ある人は「クリスマスの奇跡」と呼んだ。12月24日夜、歌手のキム・ジョンミン(37)が「芸能大夫」ユ・ジェソク、シン・ドンヨプ、イ・フィジェ、キム・ジュノなどを抑えてKBS演芸大賞に輝いた。バラエティー番組『ハッピーサンデー』(KBS2)内の人気コーナー「1泊2日」を10年守ってきた功績を認められたのだ。
キム・ジョンミンは、シーズン1からシーズン3までずっと通して出演した唯一のメンバーだ。兵役中の2年間は番組を離れたが、除隊した日にすぐさま「拉致」され、撮影に放り込まれた。12月26日、ソウル市ノンヒョン洞のカフェでキム・ジョンミンと会った。彼は「話にならないことが起こった」と語った。
「僕は才能も足りないし、弁才もない。受賞の所感も準備はしましたが、しゃれたことをしゃれた風に話せる自信はなかったんです。感謝したい人の名前だけ呼びました」。彼が大賞候補に上ったというニュースだけで、既に大変な話題だった。主役を輝かせる役割ばかり長年誠実にこなしてきた「万年助演」に、応援が降り注いだ。キム・ジョンミンは「僕が賞を取ることを、僕より周りの人の方が望んでいて、賞をもらってからも周りの人の方が喜んだ」と語った。

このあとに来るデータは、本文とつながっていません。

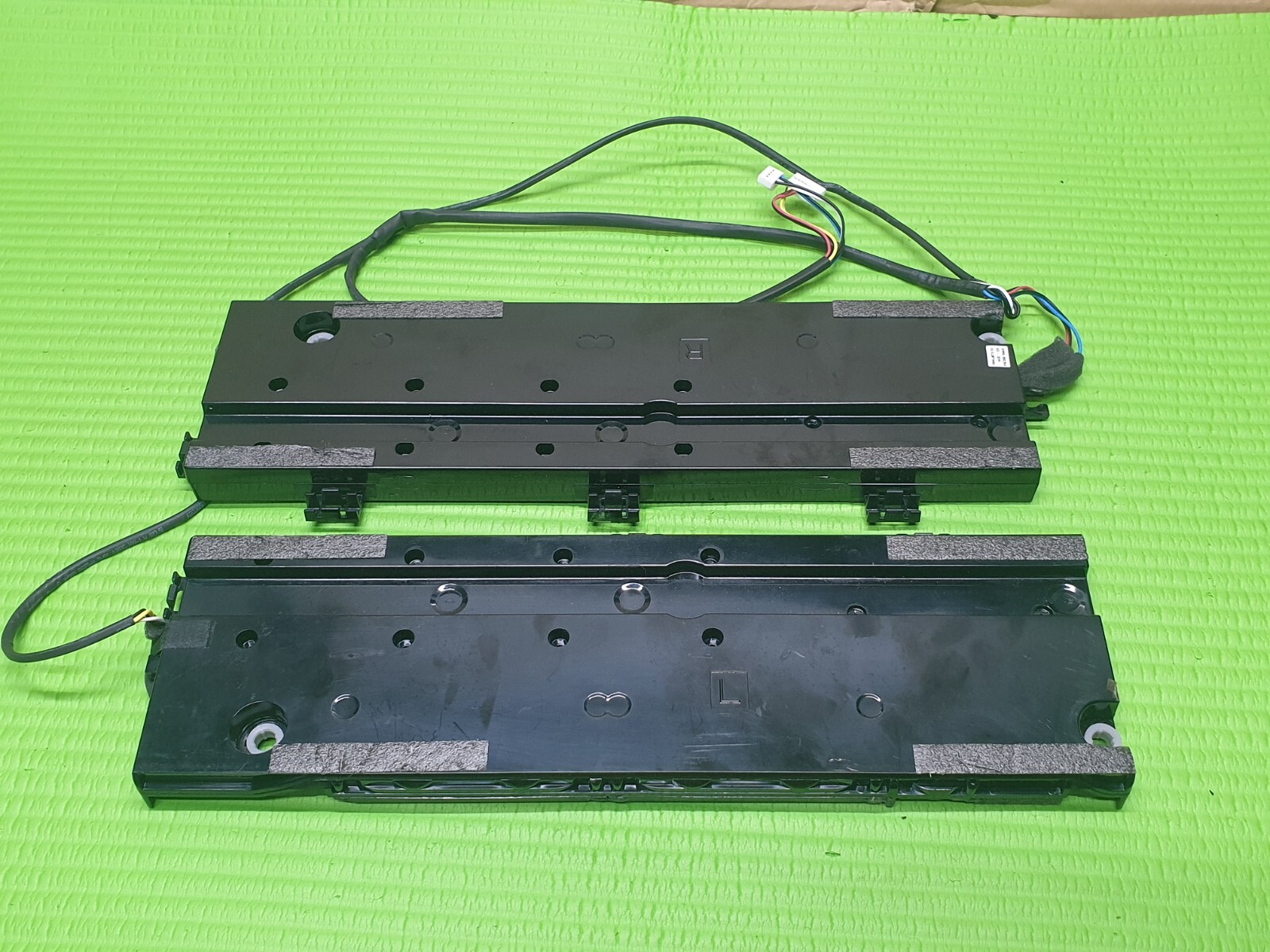 ORIGINAL INTERNAL SPEAKERS SET FOR SAMSUNG UE55F9005ST 55" LED TV BN96-29039A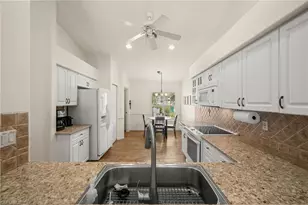 8167 Ibis Cove Cir, Naples, FL 34119 - Photo 5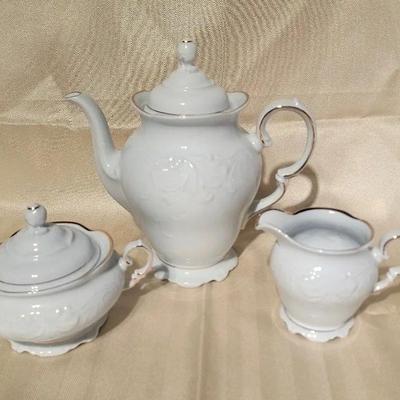 Wawel Caso Oro Gold Rimmed Bone China Tea Set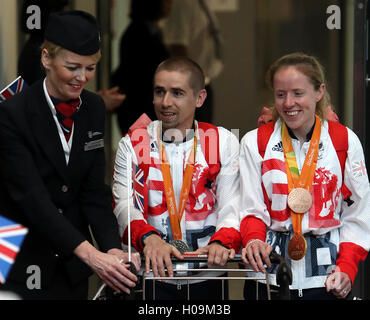 La société britannique Neil Fachie et Lora Turnham retour à l'aéroport de Heathrow, Londres. ASSOCIATION DE PRESSE Photo. Photo date : mardi 20 septembre 2016. Les Jeux Paralympiques GO squad de retour au Royaume-Uni après avoir recueilli 147 médailles pour terminer deuxième de la Rio 2016 médaille paralympique tableau, dépassant leur total de 120 à partir de Londres 2012. ASSOCIATION DE PRESSE Photo. Crédit photo doit se lire : Steve Parsons/PA Wire Banque D'Images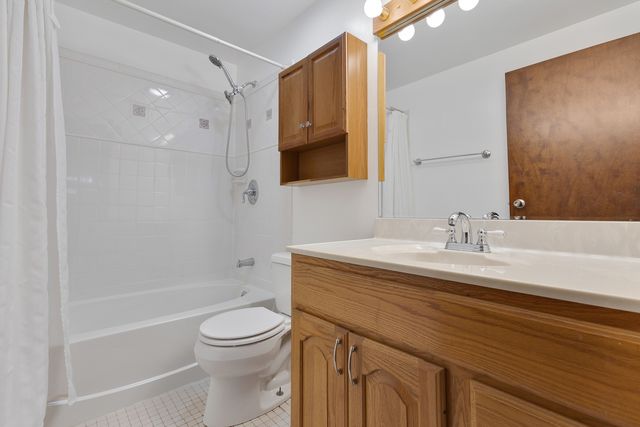 117 Cotuit Court, Schaumburg, IL 60193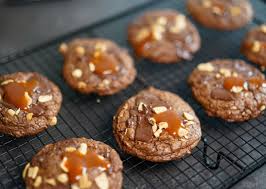 Recette Des Cookies Chocolat Caramel Cacahuetes Hervecuisine Com Cookies Chocolat Cookies Recette Recette Cookies Chocolat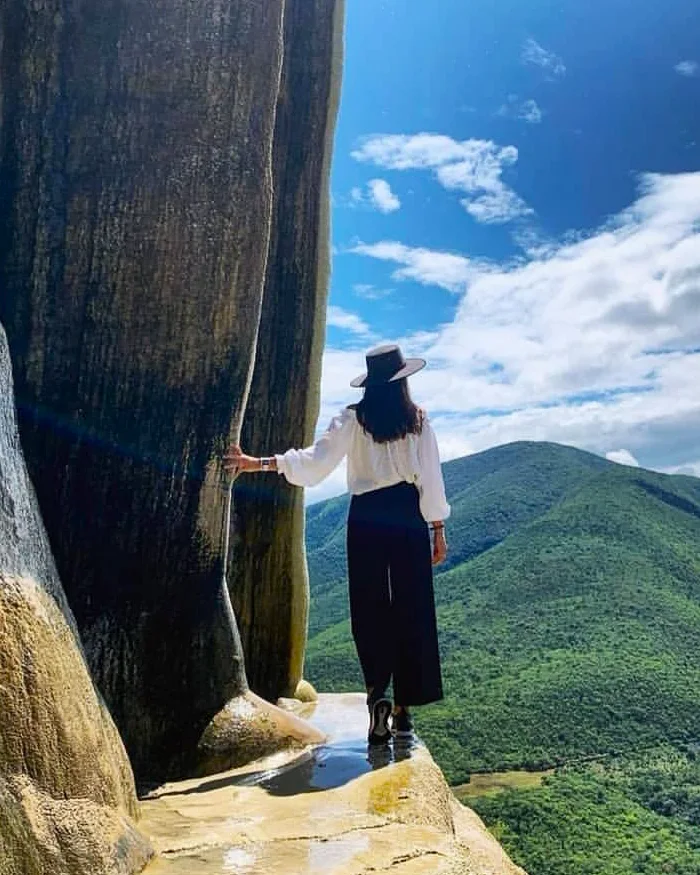 La viajera parece contemplar el horizonte, disfrutando de la tranquilidad y la grandeza del entorno natural.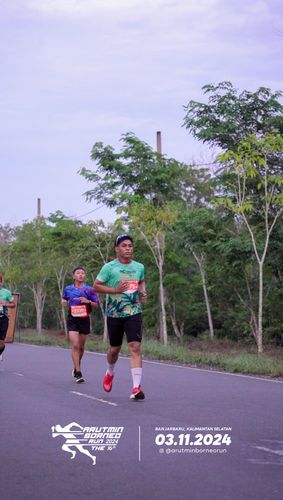 Race photo from Arutmin Borneo Run 2024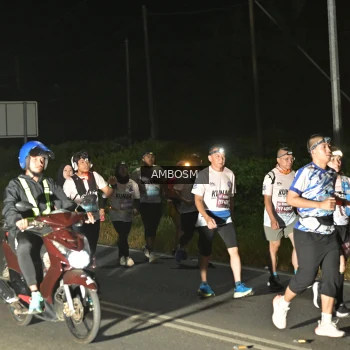 Runner Photo 1680303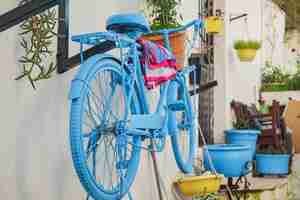Free photo old bicycle in a cafe on the street in the old town cozy street with flowers and cafe on the mediterranean coast facade decor of a coffee shop with a bicycle
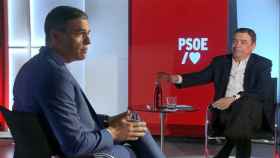 Pedro Sánchez y Luis Planas, durante un  momento de su conversación.
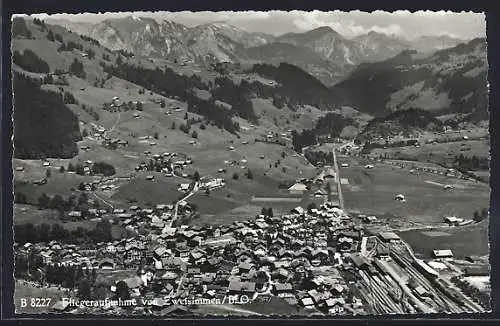 AK Zweisimmen /B.-O., Ortsansicht und Berglandschaft aus der Vogelschau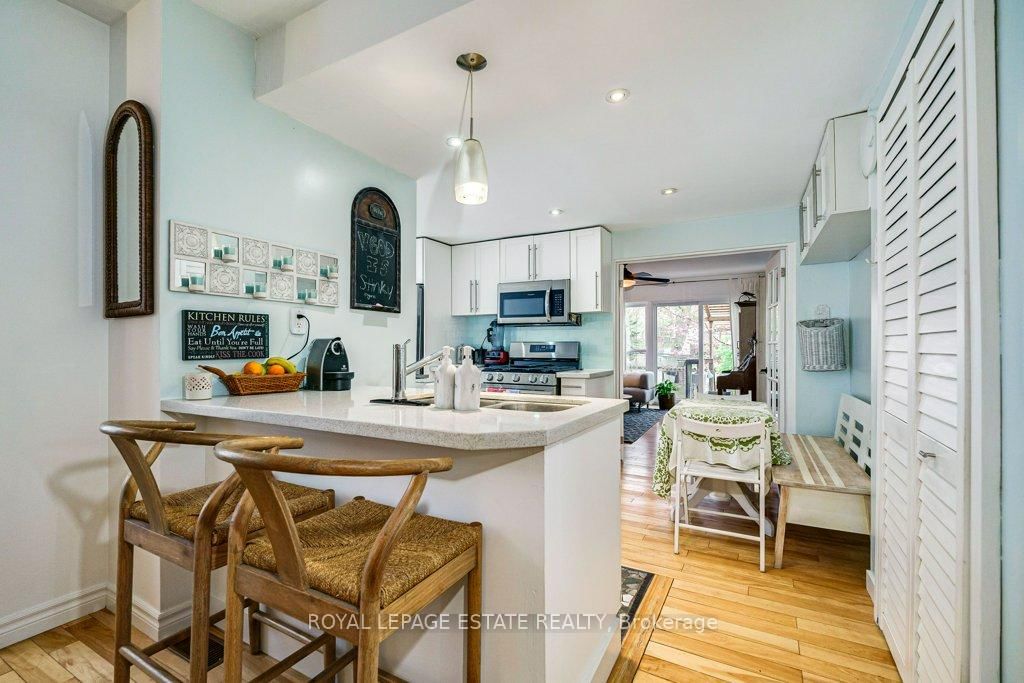 158 Waverley Road • Toronto, ON photo 9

実際キム・ジョンミンは、彼自身の言うとおり「しゃれている」のとは少々隔たりがある。しばしば突拍子もない言動や行動を取り、よく分からないときは「分からない」と素直に言うので、「おバカ」という別名で呼ばれた。とはいえ、2000年に混声グループ「コヨーテ」でデビューして以来、恥さらしな事態に巻き込まれることもなく、持ち場を守ってきた。ひょっとすると、これが非常にまれな才能なのかもしれない。常に飾り気なく明るく笑い、何であろうと手を抜かずにやり、悪いうわさのない代表的な芸能人に挙げられる。
「足りない僕を常に周りの人々が抱擁し、助けてくれました。つんつんしていたら、同僚が一言だけでも声をかけてくれました」。キム・ジョンミンは「おバカという呼び名で気分を害したことは一度もありませんでした。おかげで人々が、僕を見ただけで明るく笑ってくれるんですから」と語った。